**Problem requirements**: An exact copy is needed of the lines from the one that contains "-钱锋炭缸烧烤(南湖大路总店)" through the final line of the data below, with pictures left out.

_ _ _ _ _ _ _

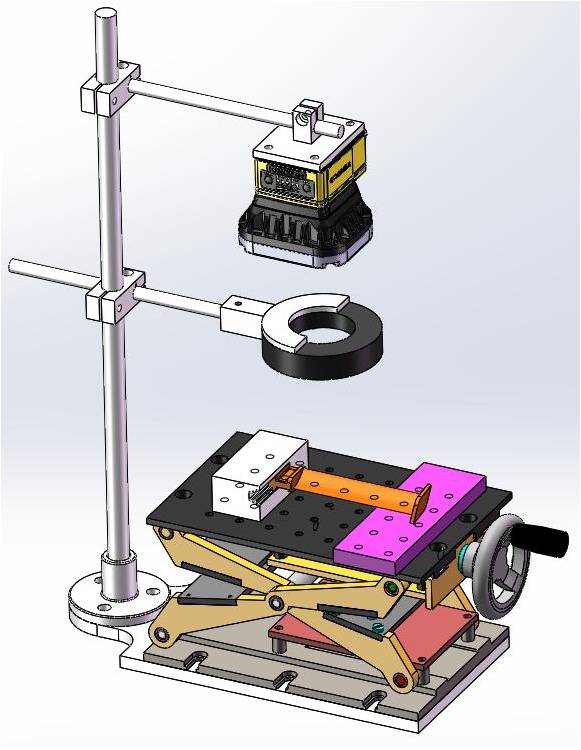 渦輪葉片字符識別系統(tǒng)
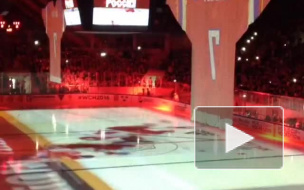 Российские хоккеисты вырвали волевую победу у сборной Чехии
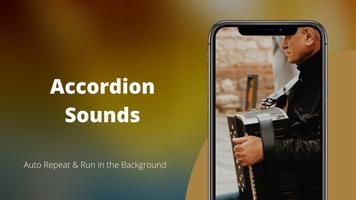 Accordion Sounds Plakat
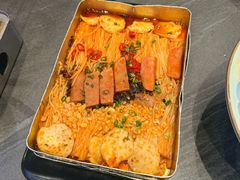 -钱锋炭缸烧烤(南湖大路总店)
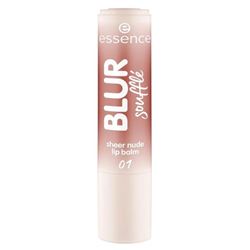 Biur Souffl? Sheer Nude Lip Balm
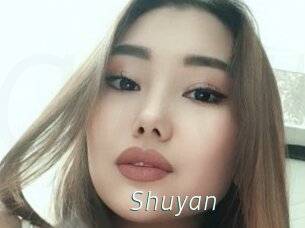 Shuyan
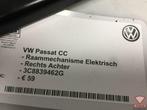 vw passat cc raammechanisme elekt. rechts achter 3c8839462g, Ophalen of Verzenden, Gebruikt, Volkswagen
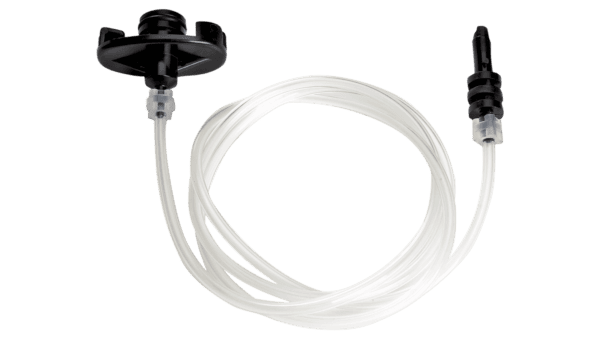 Kartuschenadapter-Kit, 10cc, 0.9m Schlauch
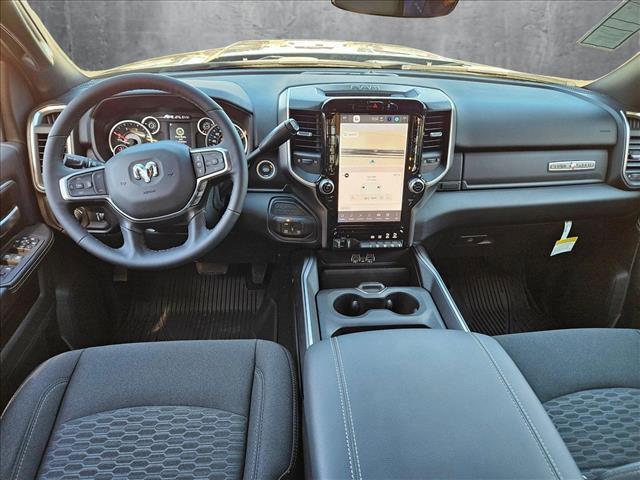 new 2025 Ram 2500 car, priced at $68,348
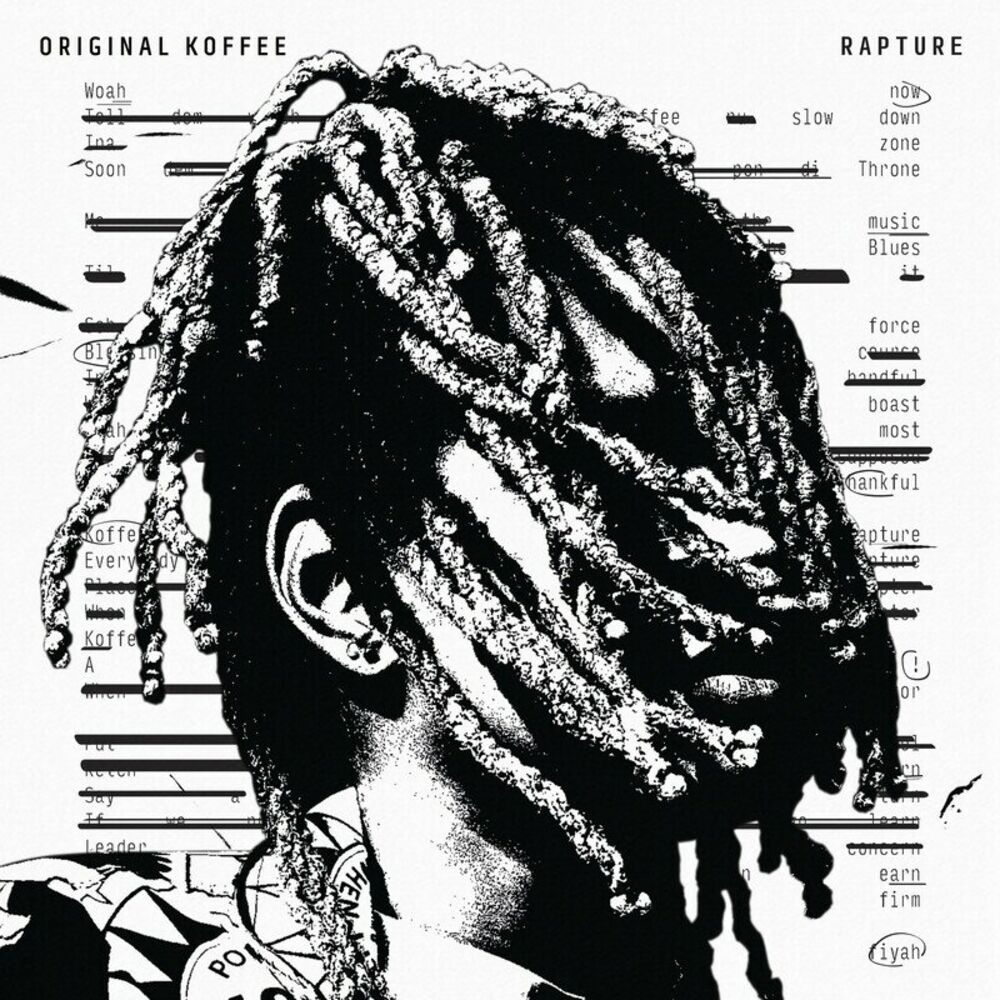 Rapture cover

_ _ _ _ _ _ _

**Output of the exercise**:
 -钱锋炭缸烧烤(南湖大路总店)
 Biur Souffl? Sheer Nude Lip Balm
 Shuyan
 vw passat cc raammechanisme elekt. rechts achter 3c8839462g, Ophalen of Verzenden, Gebruikt, Volkswagen
 Kartuschenadapter-Kit, 10cc, 0.9m Schlauch
 new 2025 Ram 2500 car, priced at $68,348
 Rapture cover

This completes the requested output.